#### AIM OF THE EXERCISE:
An acceptable answer contains every record below, unchanged, and no pictures.

[Brief descriptive captions]

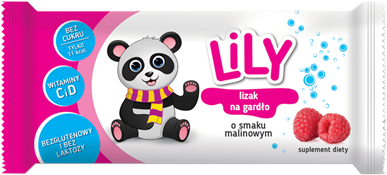 Lizak z Witaminami na Gardło o Smaku Malinowym Lily bez dodatku cukru 8g - 7Pharma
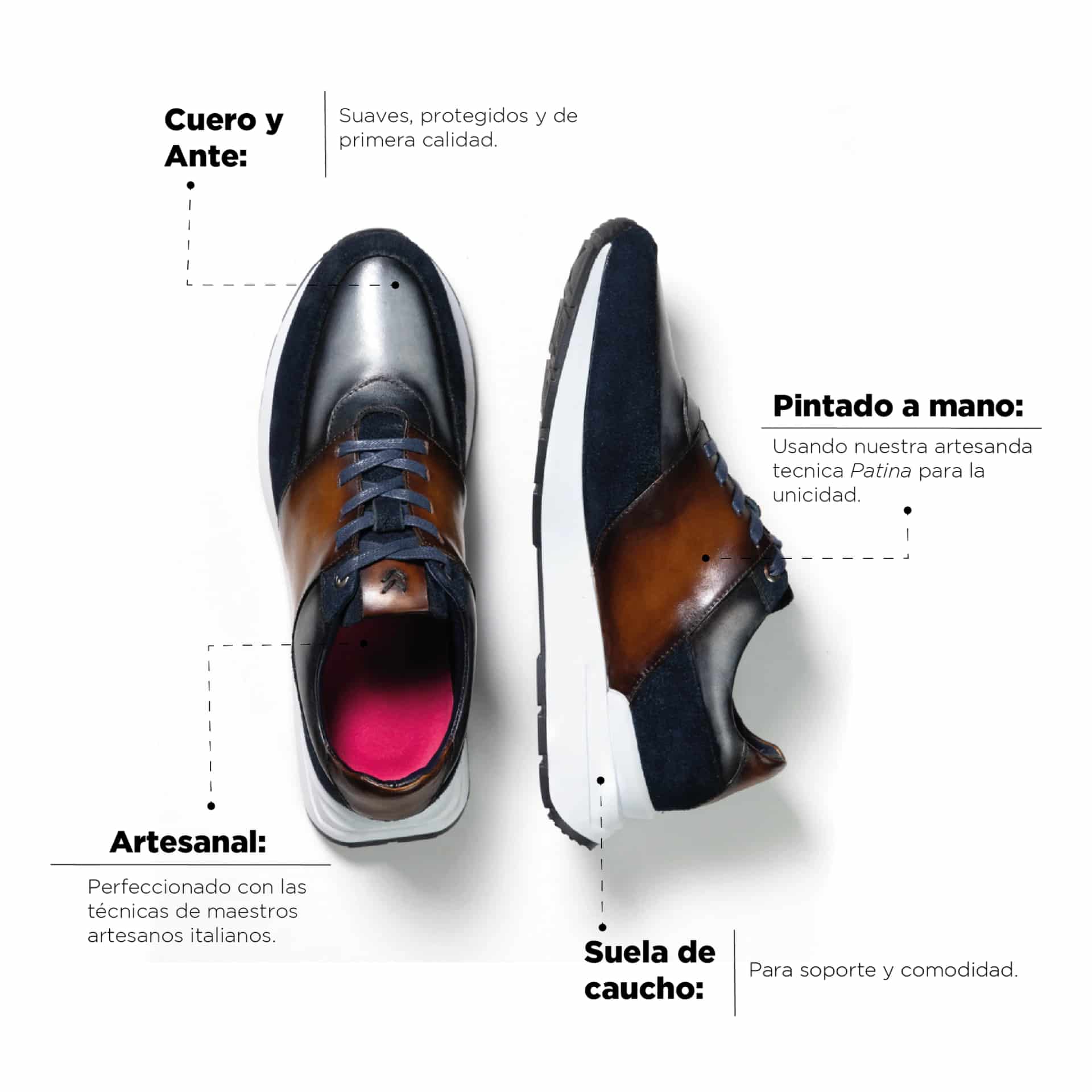 Sneaker Arezzo Azul-Caramelo - miniatura 3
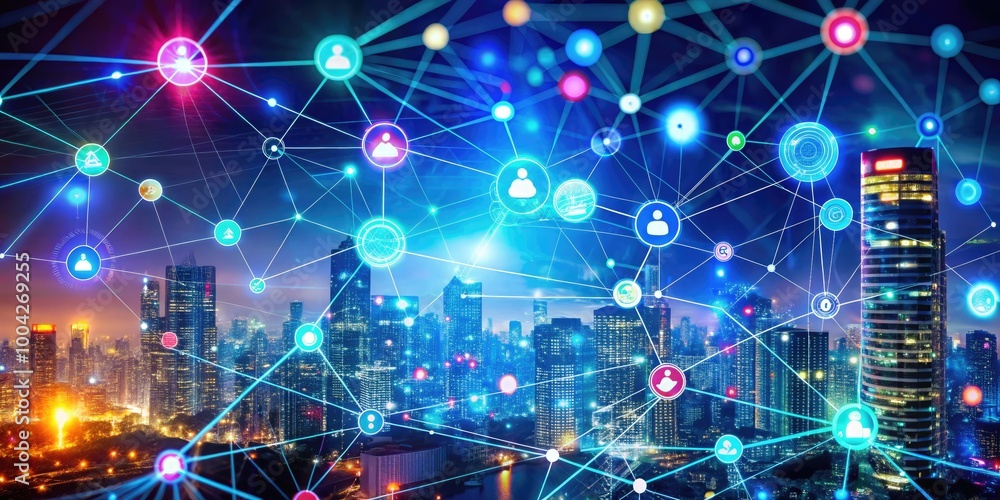 Obraz premium Digital Technology Background with Internet Connection, Big Data, IoT, and Innovative Marketing Concepts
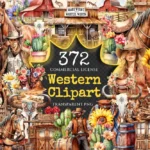 Western Watercolor Clipart Bundle - 370+ transparent PNG, Texas cowboy ranch graphics, Cowgirl ranch png, Commercial use, Digital download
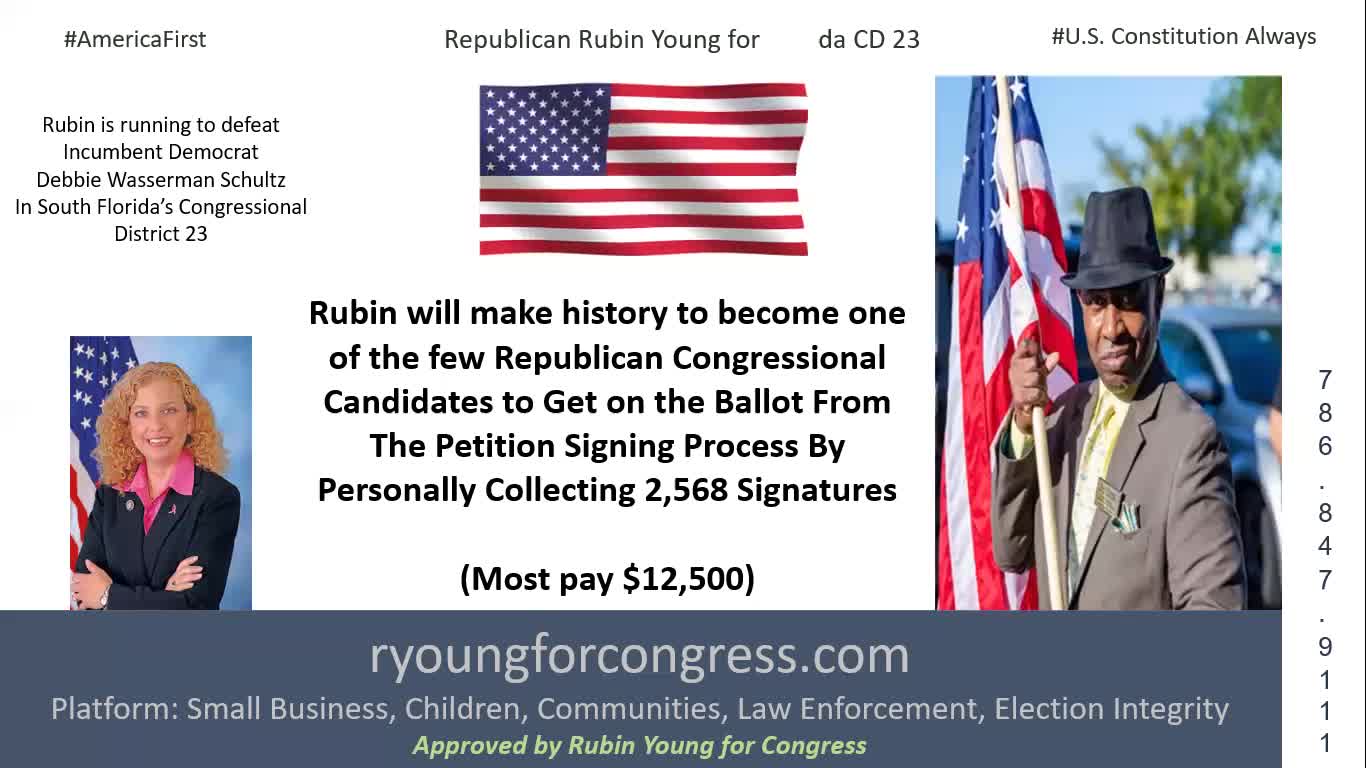 Rubin Is Close to Qualifying to Run in FL CD23 By Getting 2,568 Signed Petitions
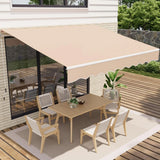 Garvee Markise 4 x 2.5 m, Aluminiumrahmen, Wasserdicht, UV-Schutz, Für Terrasse & Balkon, Beige - Beige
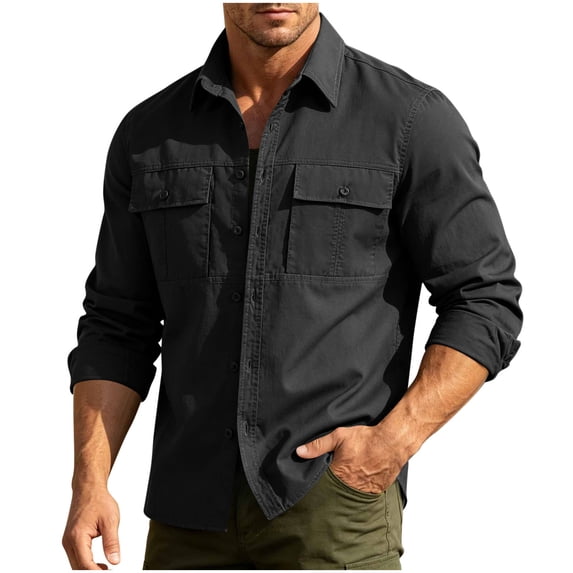 Awdenio Men's Shirts Long Sleeve Button Down Breathable Lightweight Pockets Roll Up Sleeves Work Clothes Shirt
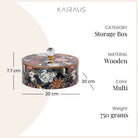 Handmade wooden box with colorful floral patterns


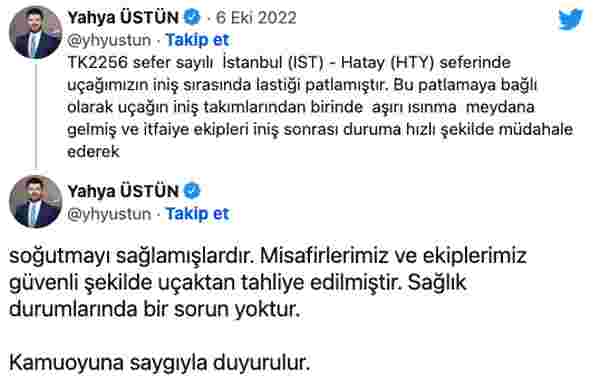 THY uçağının iniş sırasında lastiği patladı!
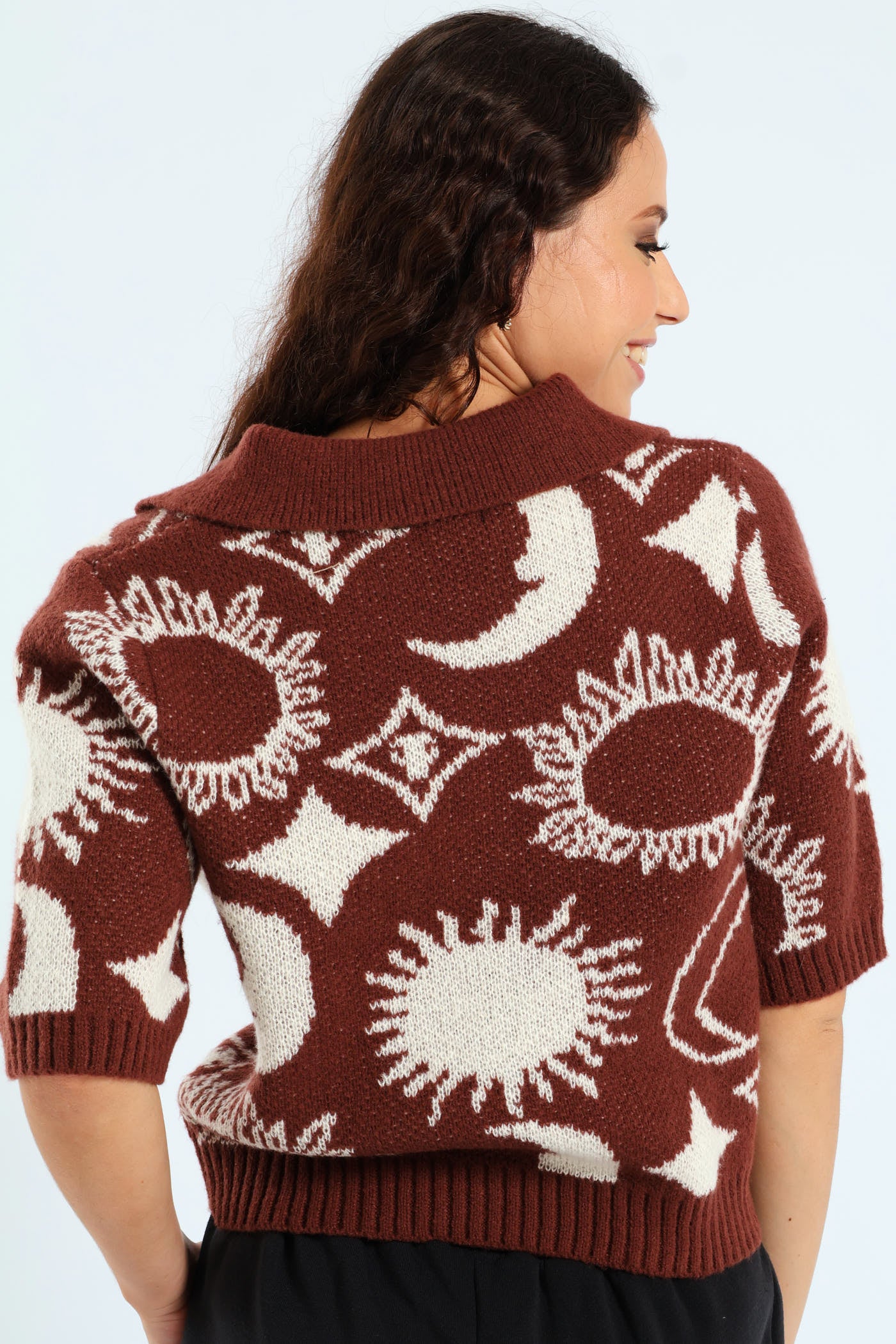Pattern Collar Knitwear - Brick - Image 5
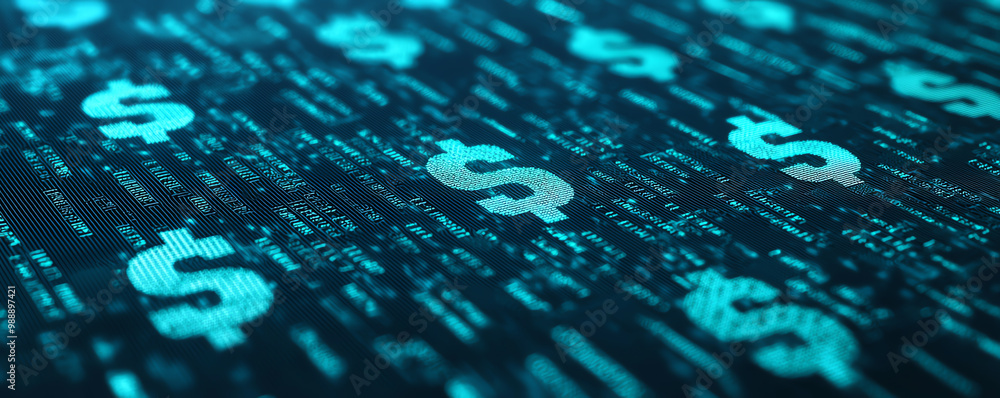 Poster abstract representation of currency symbols floating over a digital platform, symbolizing exchange a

#### ANSWER FOR THIS EXERCISE:
 Lizak z Witaminami na Gardło o Smaku Malinowym Lily bez dodatku cukru 8g - 7Pharma
 Sneaker Arezzo Azul-Caramelo - miniatura 3
 Obraz premium Digital Technology Background with Internet Connection, Big Data, IoT, and Innovative Marketing Concepts
 Western Watercolor Clipart Bundle - 370+ transparent PNG, Texas cowboy ranch graphics, Cowgirl ranch png, Commercial use, Digital download
 Rubin Is Close to Qualifying to Run in FL CD23 By Getting 2,568 Signed Petitions
 Garvee Markise 4 x 2.5 m, Aluminiumrahmen, Wasserdicht, UV-Schutz, Für Terrasse & Balkon, Beige - Beige
 Awdenio Men's Shirts Long Sleeve Button Down Breathable Lightweight Pockets Roll Up Sleeves Work Clothes Shirt
 Handmade wooden box with colorful floral patterns


 THY uçağının iniş sırasında lastiği patladı!
Pattern Collar Knitwear - Brick - Image 5
 Poster abstract representation of currency symbols floating over a digital platform, symbolizing exchange a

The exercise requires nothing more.